I will check this way, and currently the user input paramter
handling are quite complex.

Also the sanity check in kernel_mbind() and kernel_set_mempolicy()
are almost identical, which can be unified.

> >  
> >  static int migrate_page_add(struct page *page, struct list_head *pagelist,
> > @@ -924,6 +933,9 @@ static void get_policy_nodemask(struct mempolicy *p, nodemask_t *nodes)
> >  	case MPOL_INTERLEAVE:
> >  		*nodes = p->v.nodes;
> >  		break;
> > +	case MPOL_PREFERRED_MANY:
> > +		*nodes = p->v.preferred_nodes;
> > +		break;
> >  	case MPOL_PREFERRED:
> >  		if (!(p->flags & MPOL_F_LOCAL))
> >  			*nodes = p->v.preferred_nodes;
> 
> Why those two do a slightly different thing? Is this because unlike
> MPOL_PREFERRED it can never have MPOL_F_LOCAL cleared?
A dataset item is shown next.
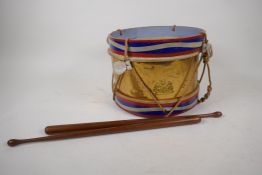 A vintage military brass bandsman's drum with Royal crest, 23cm diameter, 18cm high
If that is the
> case I would still stick the two together and use the same code for
> both to make the code easier to follow. Now that both use the same
> nodemask it should really be just about syscall inputs sanitization and
> to keep the original behavior for MPOL_PREFERRED.
> 
> [...]

Our intention is to make MPOL_PREFERRED_MANY be similar to
MPOL_PREFERRED, except it perfers multiple nodes. So will try to
achieve this in following version.

Also for MPOL_LOCAL and MPOL_PREFERRED, current code logic is
turning 'MPOL_LOCAL' to 'MPOL_PREFERRED' with MPOL_F_LOCAL set.
I don't understand why not use the other way around, that
turning MPOL_PREFERRED with empty nodemask to MPOL_LOCAL, which
looks more logical.

Thanks,
Feng

> > @@ -2072,6 +2087,9 @@ bool init_nodemask_of_mempolicy(nodemask_t *mask)
> >  	task_lock(current);
> >  	mempolicy = current->mempolicy;
> >  	switch (mempolicy->mode) {
> > +	case MPOL_PREFERRED_MANY:
> > +		*mask = mempolicy->v.preferred_nodes;
> > +		break;
> >  	case MPOL_PREFERRED:
> >  		if (mempolicy->flags & MPOL_F_LOCAL)
> >  			nid = numa_node_id();
> 
> Same here